# Try it
Each entry has to be reproduced in full, exactly as given.

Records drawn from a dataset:

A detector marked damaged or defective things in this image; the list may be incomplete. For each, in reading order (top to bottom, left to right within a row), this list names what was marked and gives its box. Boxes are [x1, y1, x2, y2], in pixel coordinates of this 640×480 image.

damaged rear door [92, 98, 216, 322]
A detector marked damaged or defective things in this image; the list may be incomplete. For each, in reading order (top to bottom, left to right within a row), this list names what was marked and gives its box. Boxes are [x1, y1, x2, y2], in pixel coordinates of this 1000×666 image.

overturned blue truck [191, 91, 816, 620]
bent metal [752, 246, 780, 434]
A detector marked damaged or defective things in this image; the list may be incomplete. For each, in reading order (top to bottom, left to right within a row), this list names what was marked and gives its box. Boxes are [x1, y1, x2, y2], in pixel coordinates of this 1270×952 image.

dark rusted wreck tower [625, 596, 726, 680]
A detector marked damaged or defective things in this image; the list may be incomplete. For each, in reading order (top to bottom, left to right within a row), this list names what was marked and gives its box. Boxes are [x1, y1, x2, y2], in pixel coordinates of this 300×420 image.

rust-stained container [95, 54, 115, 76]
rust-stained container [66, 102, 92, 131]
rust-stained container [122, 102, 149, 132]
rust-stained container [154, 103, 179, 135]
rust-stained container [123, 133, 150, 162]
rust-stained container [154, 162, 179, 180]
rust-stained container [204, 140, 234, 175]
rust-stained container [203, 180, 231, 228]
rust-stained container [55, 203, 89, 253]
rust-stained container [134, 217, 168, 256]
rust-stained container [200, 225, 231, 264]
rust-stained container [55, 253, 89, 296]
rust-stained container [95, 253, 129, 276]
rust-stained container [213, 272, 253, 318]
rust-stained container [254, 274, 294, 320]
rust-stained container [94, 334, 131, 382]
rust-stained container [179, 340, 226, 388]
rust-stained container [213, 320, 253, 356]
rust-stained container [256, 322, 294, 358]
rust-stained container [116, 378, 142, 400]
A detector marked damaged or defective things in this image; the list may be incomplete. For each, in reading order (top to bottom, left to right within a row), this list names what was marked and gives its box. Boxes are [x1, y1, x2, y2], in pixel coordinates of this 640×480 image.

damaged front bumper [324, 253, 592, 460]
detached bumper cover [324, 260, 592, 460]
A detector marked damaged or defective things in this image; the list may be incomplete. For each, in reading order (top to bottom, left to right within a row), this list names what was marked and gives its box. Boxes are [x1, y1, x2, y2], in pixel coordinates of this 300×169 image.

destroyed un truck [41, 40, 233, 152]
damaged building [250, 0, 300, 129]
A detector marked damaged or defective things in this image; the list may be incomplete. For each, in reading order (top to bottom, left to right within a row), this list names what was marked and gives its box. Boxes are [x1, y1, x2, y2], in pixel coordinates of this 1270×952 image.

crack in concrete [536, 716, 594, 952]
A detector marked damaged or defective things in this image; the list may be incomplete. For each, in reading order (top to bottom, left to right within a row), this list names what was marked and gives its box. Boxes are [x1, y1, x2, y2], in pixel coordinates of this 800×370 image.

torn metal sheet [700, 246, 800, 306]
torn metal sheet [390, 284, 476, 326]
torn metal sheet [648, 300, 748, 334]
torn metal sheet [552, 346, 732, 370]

# Result below
A detector marked damaged or defective things in this image; the list may be incomplete. For each, in reading order (top to bottom, left to right within a row), this list names what was marked and gives its box. Boxes are [x1, y1, x2, y2], in pixel coordinates of this 640×480 image.

damaged rear door [92, 98, 216, 322]
A detector marked damaged or defective things in this image; the list may be incomplete. For each, in reading order (top to bottom, left to right within a row), this list names what was marked and gives its box. Boxes are [x1, y1, x2, y2], in pixel coordinates of this 1000×666 image.

overturned blue truck [191, 91, 816, 620]
bent metal [752, 246, 780, 434]
A detector marked damaged or defective things in this image; the list may be incomplete. For each, in reading order (top to bottom, left to right within a row), this list names what was marked and gives its box. Boxes are [x1, y1, x2, y2], in pixel coordinates of this 1270×952 image.

dark rusted wreck tower [625, 596, 726, 680]
A detector marked damaged or defective things in this image; the list may be incomplete. For each, in reading order (top to bottom, left to right within a row), this list names what was marked and gives its box. Boxes are [x1, y1, x2, y2], in pixel coordinates of this 300×420 image.

rust-stained container [95, 54, 115, 76]
rust-stained container [66, 102, 92, 131]
rust-stained container [122, 102, 149, 132]
rust-stained container [154, 103, 179, 135]
rust-stained container [123, 133, 150, 162]
rust-stained container [154, 162, 179, 180]
rust-stained container [204, 140, 234, 175]
rust-stained container [203, 180, 231, 228]
rust-stained container [55, 203, 89, 253]
rust-stained container [134, 217, 168, 256]
rust-stained container [200, 225, 231, 264]
rust-stained container [55, 253, 89, 296]
rust-stained container [95, 253, 129, 276]
rust-stained container [213, 272, 253, 318]
rust-stained container [254, 274, 294, 320]
rust-stained container [94, 334, 131, 382]
rust-stained container [179, 340, 226, 388]
rust-stained container [213, 320, 253, 356]
rust-stained container [256, 322, 294, 358]
rust-stained container [116, 378, 142, 400]
A detector marked damaged or defective things in this image; the list may be incomplete. For each, in reading order (top to bottom, left to right within a row), this list names what was marked and gives its box. Boxes are [x1, y1, x2, y2], in pixel coordinates of this 640×480 image.

damaged front bumper [324, 253, 592, 460]
detached bumper cover [324, 260, 592, 460]
A detector marked damaged or defective things in this image; the list may be incomplete. For each, in reading order (top to bottom, left to right within a row), this list names what was marked and gives its box. Boxes are [x1, y1, x2, y2], in pixel coordinates of this 300×169 image.

destroyed un truck [41, 40, 233, 152]
damaged building [250, 0, 300, 129]
A detector marked damaged or defective things in this image; the list may be incomplete. For each, in reading order (top to bottom, left to right within a row), this list names what was marked and gives its box. Boxes are [x1, y1, x2, y2], in pixel coordinates of this 1270×952 image.

crack in concrete [536, 716, 594, 952]
A detector marked damaged or defective things in this image; the list may be incomplete. For each, in reading order (top to bottom, left to right within a row), this list names what was marked and gives its box. Boxes are [x1, y1, x2, y2], in pixel coordinates of this 800×370 image.

torn metal sheet [700, 246, 800, 306]
torn metal sheet [390, 284, 476, 326]
torn metal sheet [648, 300, 748, 334]
torn metal sheet [552, 346, 732, 370]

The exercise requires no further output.